2.           Check the Appropriate Box if a Member of a Group (See Instructions)
 
                              (a)           ¨
 
                              (b)           x

3.           SEC Use Only

4.           Source of Funds (See Instructions):  WC

5.           Check if Disclosure of Legal Proceedings Is Required Pursuant to Items 2(d) or 2(e)¨

6.           Citizenship or Place of Organization:  Delaware
 
Number of            7.           Sole Voting Power                   0                    
Shares
Beneficially          8.           Shared Voting Power              2,170,000 (1)                                
Owned by Each
Reporting             9.           Sole Dispositive Power           0                    
Person With
                              10.          Shared Dispositive Power      2,170,000 (1)                                

11.         Aggregate Amount Beneficially Owned by Each Reporting Person:  2,170,000 (1)

12.         Check if the Aggregate Amount in Row (11) Excludes Certain Shares (See Instructions)¨

13.         Percent of Class Represented by Amount in Row (11):  9.7% (2)
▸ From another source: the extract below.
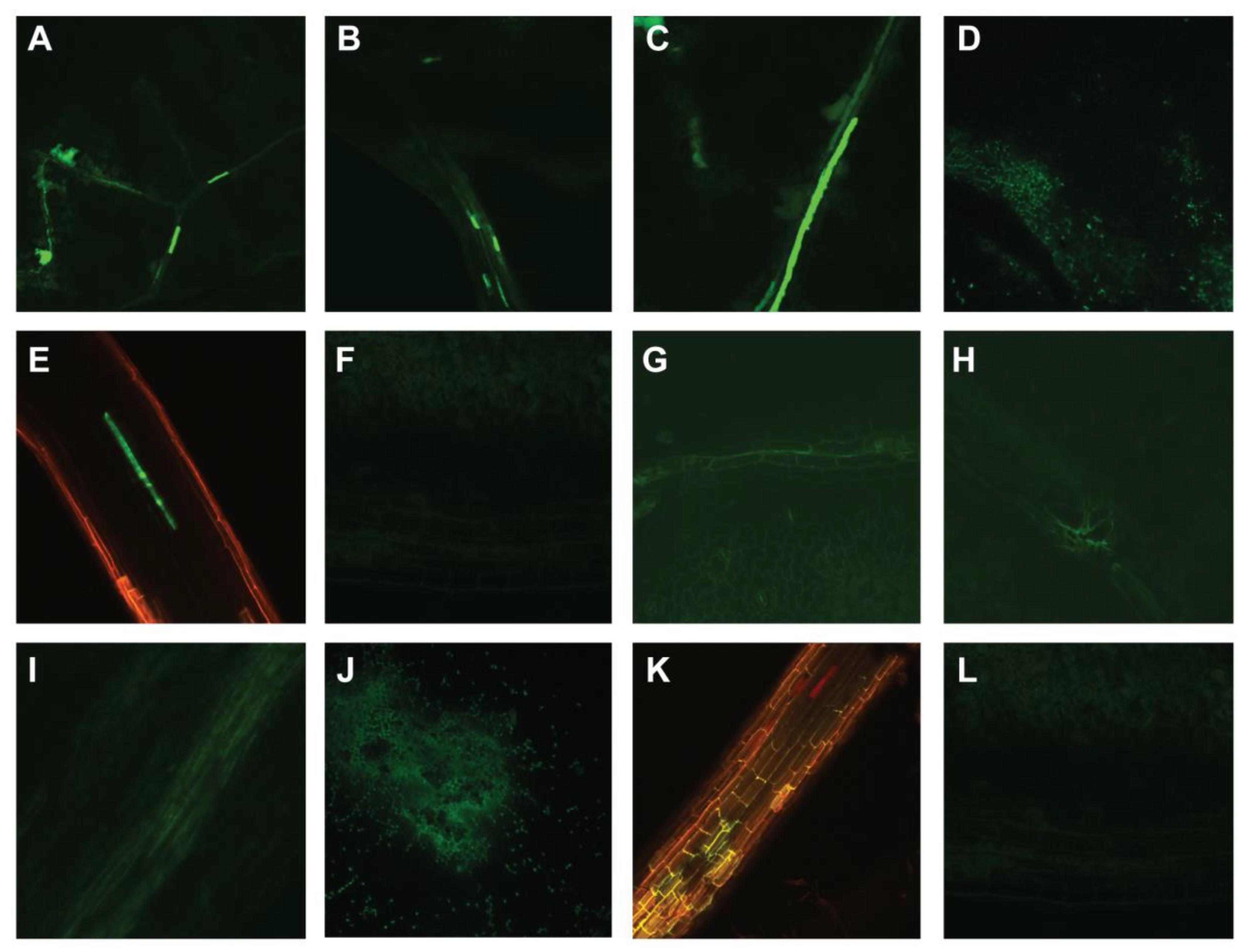 Viruses 17 00268 g004 Viruses 17 00268 g004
14.         Type of Reporting Person (See Instructions)
                              PN
 
(1)
BML Investment Partners, L.P. is a Delaware limited partnership whose sole general partner is BML Capital Management, LLC. The managing member of BML Capital Management, LLC is Braden M. Leonard. As a result, Braden M. Leonard is deemed to be the indirect owner of the shares held directly by BML Investment Partners, L.P. Despite such shared beneficial ownership, the reporting persons disclaim that they constitute a statutory group within the meaning of Rule 13d-5(b) (1) of the Securities Exchange Act of 1934.

(2)
Calculated based on 22,399,649 shares of Trimeris, Inc.'s (the “Issuer”) common stock, par value $0.001 per share, as reported on the Issuer's Form 10-Q filed with the Securities and Exchange Commission (the "SEC") on May 13, 2011.
 
 
 

 

CUSIP No.  896263100
 

1.           Name of Reporting Person.
      Braden M. Leonard (1)
 
2.           Check the Appropriate Box if a Member of a Group (See Instructions)
 
                              (a)           ¨
 
                              (b)           x

3.           SEC Use Only

4.           Source of Funds (See Instructions):  PF

5.           Check if Disclosure of Legal Proceedings Is Required Pursuant to Items 2(d) or 2(e)¨

6.           Citizenship or Place of Organization:  United States

Number of           7.            Sole Voting Power                   25,0000                     
Shares
Beneficially         8.            Shared Voting Power               2,170,000 (1)                                
Owned by Each
Reporting            9.            Sole Dispositive Power           25,0000                      
Person With
                              10.          Shared Dispositive Power      2,170,000 (1)                               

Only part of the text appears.